Electrical Engineering Comprehensible speech despite noisy surroundings
Hearing aids are meant to transmit speech intelligibly – even if it is loud in the environment. Bochum-based researchers have gained new insights to support the development of better devices.
“Yes, I can hear you,” shouts many a caller into their mobile, while a road sweeper driving past at the other end of the line interferes with the conversation. This is because the microphone transfers not only relevant sounds, i.e. speech, but also other ambient noises. Hearing aids follow the same principle. A hearing aid in a packed restaurant transfers not only the conversation partner’s words, but also the voices of other patrons and the clatter of dishes.
Specific algorithms in hearing aids are to render speech more intelligible by filtering out ambient noises – a considerable challenge for researchers and industrial developers. The quality of the transferred speech must not suffer when background noises are filtered out.

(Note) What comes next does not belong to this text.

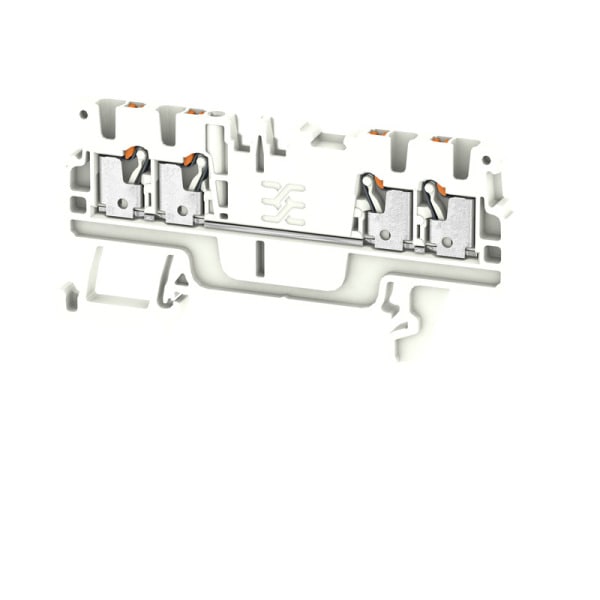 WEIDMÜLLER - Durchgangs-Reihenklemme, PUSH IN, 1.5mm², 500V, 17.5A, weiß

Facilitating the development process of hearing aids
Prof Dr Dorothea Kolossa and Mahdie Karbasi from the RUB research group Cognitive Signal Processing have been studying prediction of speech intelligibility in the course of the project “Improved Communication through Applied Hearing Research“ (I can hear). Their findings might help facilitate the development process of hearing aids. “Once we understand how well or how poorly people understand spoken words in different situations, we will be able to optimise hearing aids,” says Kolossa.
In the first stage, new algorithms must undergo time-consuming series of tests, before they can be deployed in hearing aids. How well does the algorithm filter our background noises, and is the quality of speech preserved? Regardless if the problem is a room where sounds reverberates or loud background noises – the algorithms are supposed to ensure that future hearing aids will transfer speech in a consistently comprehensible manner.
The Bochum-based researchers’ findings may help reduce the time-consuming algorithm tests. Developed by Kolossa and Karbasi, the algorithm has the capability to estimate how well a human can understand speech – subject to his or her perception threshold. This technology thus supplies a lot of information that would otherwise have to be established in time-consuming hearing tests. “It would be unrealistic to assume that we can forgo hearing tests altogether in future. However, the product development phase could be reduced,” says Kolossa. The researchers aim at keeping the difference between prediction and hearing test results as slight as possible. The smaller the difference, the better the prediction and, consequently, the relevant algorithm.
Participants evaluated audio data
To date, the RUB researchers have been conducting tests with people with normal hearing ability in order to predict speech intelligibility. To this end, they asked 849 participants to evaluate audio data via an online platform.
Everyone listened to approximately 50 sentences with simple structures. In a drop-down menu, the participants selected which words they understood in which position in the sentence. The sentences that were played to them contained interfering noises in varying degrees or no background noises at all. With the aid of their algorithm, the researchers predicted the percentage of the sentence that the participants would understand. Subsequently, they compared this automatically estimated value with the results compiled in the tests. Their algorithm provided a more realistic estimation of speech intelligibility than a standard method.
Typically, researchers test speech intelligibility using the STOI method (short time objective speech intelligibility measure) or with other so-termed reference-based methods. Unlike the approach developed by Kolossa and Karbasi, these methods require a clear original signal, i.e. an audio track, that’s been recorded without any background noises.
In real life, however, conversations rarely take place without any ambient noises. People almost always are surrounded by sounds of some sort: the hissing of radiators, rain drops beating against the windowpane, or engine noises.
The standard method has another snag: it assesses speech intelligibility based on the difference between original sound and filtered sound. Let’s assume the test of the original file would be read by a speech software such as Siri. Considering today’s technological standards, the high and clear computer voice would probably be very intelligible. If, however, one compared it to the original file recorded in a lower-pitched, masculine voice, the track spoken by the speech software would be assessed as less intelligible, according to the STOI method. The reason would be the different pitches, rather than the quality of intelligibility.
This is why the researchers from Bochum decided to forego an original file in their study. “The unique aspect of our test was that we only used the distorted file and did not compare it with a clean audio file,” explains Kolossa. This approach resulted in a more accurate prediction than the STOI method. Another benefit is: “Our model also has the option to factor in the hearing impairment directly in the intelligibility prediction in follow-up tests.”
In order to study this area of application, Karbasi is testing the method in a project involving people with hearing impairments. In the best case scenario, the study will provide methods for optimising hearing aids so that they automatically recognise the wearer’s current surroundings and situation. If he or she steps from a quiet street into a pub, the hearing aid should automatically register an increase in background noises. Accordingly, it would filter out the ambient noises, ideally without impairing the quality of the speech signal. The researchers aim at developing algorithms that can assess and optimise speech intelligibility in accordance with the individual perception threshold or type of hearing impairment.
Less clatter of dishes, no noisy conversation at the next table. The hearing aid would become an intelligent tool that renders speech more comprehensible to people with hearing impairments in every situation.